"The only song I can sing is "Lady in Red", so that must tell you how great it must have been"
About this Quote
Choosing “Lady in Red” isn’t random. It’s a classic, slightly corny romantic staple, the kind of song people pick when they want the room to understand the assignment: affection, tribute, sentimentality. By anchoring her story to a well-known, almost parody-adjacent love song, Kruger signals that the event wasn’t about artistry, it was about participation - the social ritual of doing something earnest in public, even if it’s cringe. That’s why the punchline lands: the song becomes shorthand for being out of her depth.

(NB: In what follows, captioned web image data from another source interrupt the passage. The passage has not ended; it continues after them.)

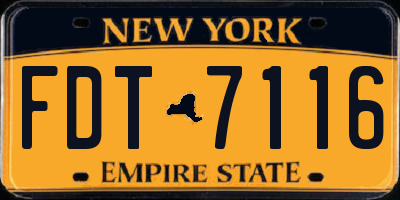 NY license plate FDT7116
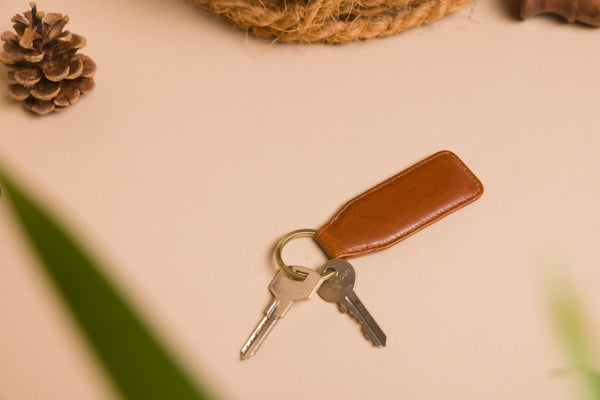 Personalised Engraved Brown Leather Keyring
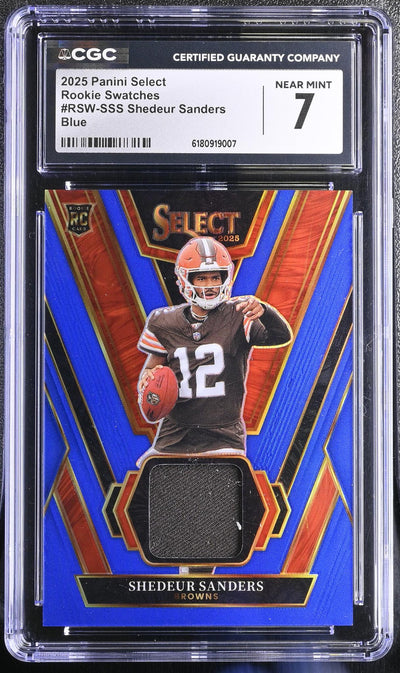 2025 Panini Select Shedeur Sanders #RSW-SSS Rookie Swatches Blue Jersey CGC 7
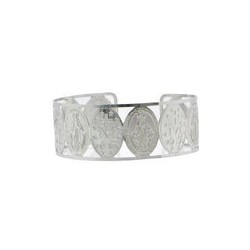 Brazalete Acero Inoxidable Plateado Medalla Milagrosa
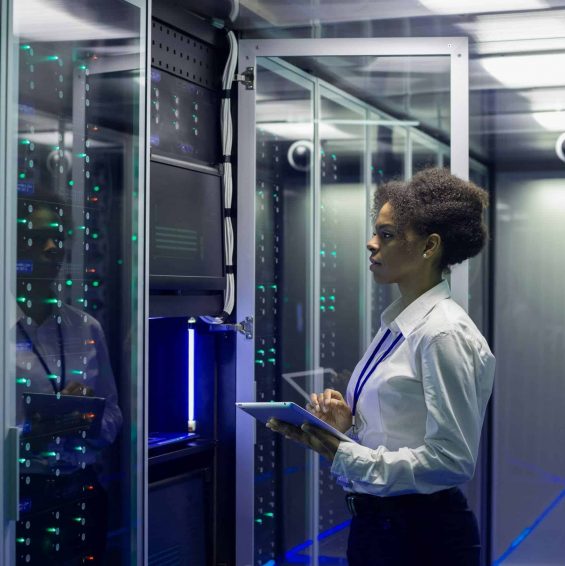 Engineer in a datacenter
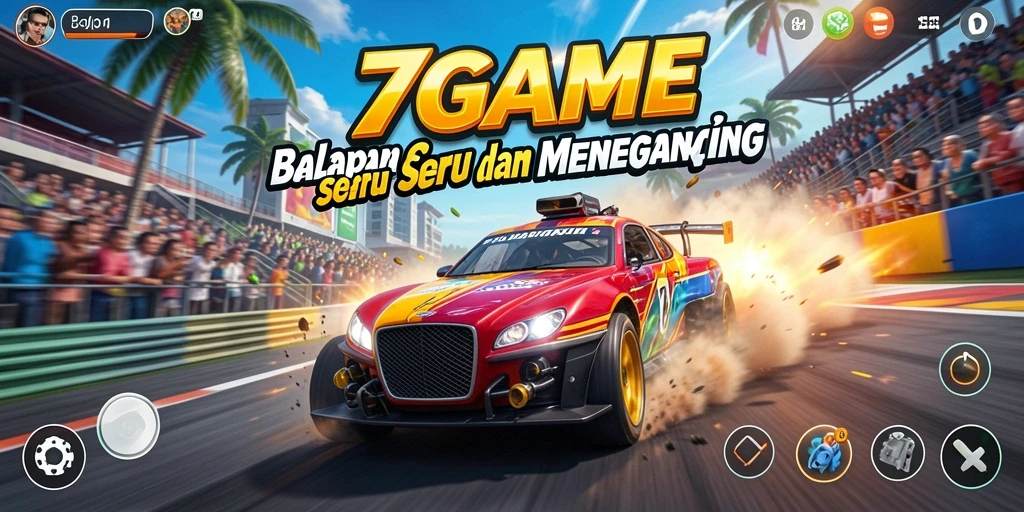 Tampilan gameplay seru dari balapan di 7GAME.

The phrase “so that must tell you how great it must have been” is a sly bit of social math. She’s inviting you to conclude, rather than insisting outright, which keeps the brag in plausible-deniability territory. It’s also a model’s version of authenticity: not confessional trauma, just a small, relatable imperfection offered up as evidence that the occasion was uncommonly meaningful.
Quote Details
| Topic | Romantic |
|---|---|
| Source | Help us find the source |
| Cite |
Citation Formats
APA Style (7th ed.)
Kruger, Diane. (2026, February 16). The only song I can sing is "Lady in Red", so that must tell you how great it must have been. FixQuotes. https://fixquotes.com/quotes/the-only-song-i-can-sing-is-lady-in-red-so-that-81883/
Chicago Style
Kruger, Diane. "The only song I can sing is "Lady in Red", so that must tell you how great it must have been." FixQuotes. February 16, 2026. https://fixquotes.com/quotes/the-only-song-i-can-sing-is-lady-in-red-so-that-81883/.
MLA Style (9th ed.)
"The only song I can sing is "Lady in Red", so that must tell you how great it must have been." FixQuotes, 16 Feb. 2026, https://fixquotes.com/quotes/the-only-song-i-can-sing-is-lady-in-red-so-that-81883/. Accessed 4 Mar. 2026.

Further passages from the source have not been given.